_WHAT TO DO_
Each entry below is to be given again word for word, with no pictures.

··· DATASET CONTENT ···

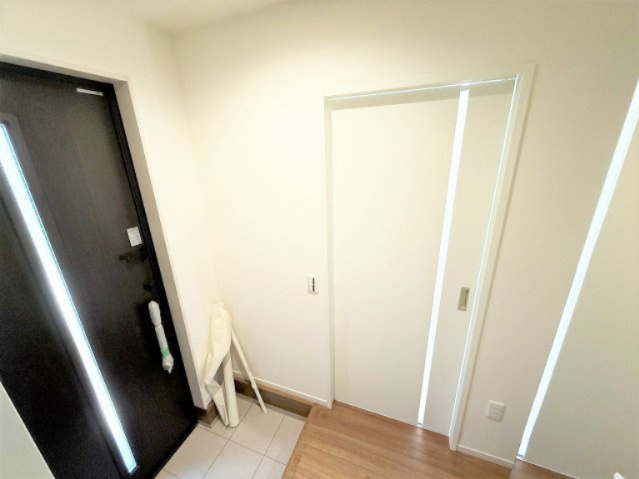 【玄関】 | 【仲介手数料３３０万円が無料！！】■喜多見駅９分■陽当り良好■４ＬＤＫ＋車庫 | 【諸費用３３０万円ＯＦＦです！！】
■詳細は「物件概要」の「諸費用」欄をご確認下さい！
■陽当り良好！
■４ＬＤＫ＋車庫
■東京ゼロエミ（ＺＥＨ水準）
■省エネ性能ラベル
■３０年保証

···

_EXERCISE OUTPUT_
 【玄関】 | 【仲介手数料３３０万円が無料！！】■喜多見駅９分■陽当り良好■４ＬＤＫ＋車庫 | 【諸費用３３０万円ＯＦＦです！！】
■詳細は「物件概要」の「諸費用」欄をご確認下さい！
■陽当り良好！
■４ＬＤＫ＋車庫
■東京ゼロエミ（ＺＥＨ水準）
■省エネ性能ラベル
■３０年保証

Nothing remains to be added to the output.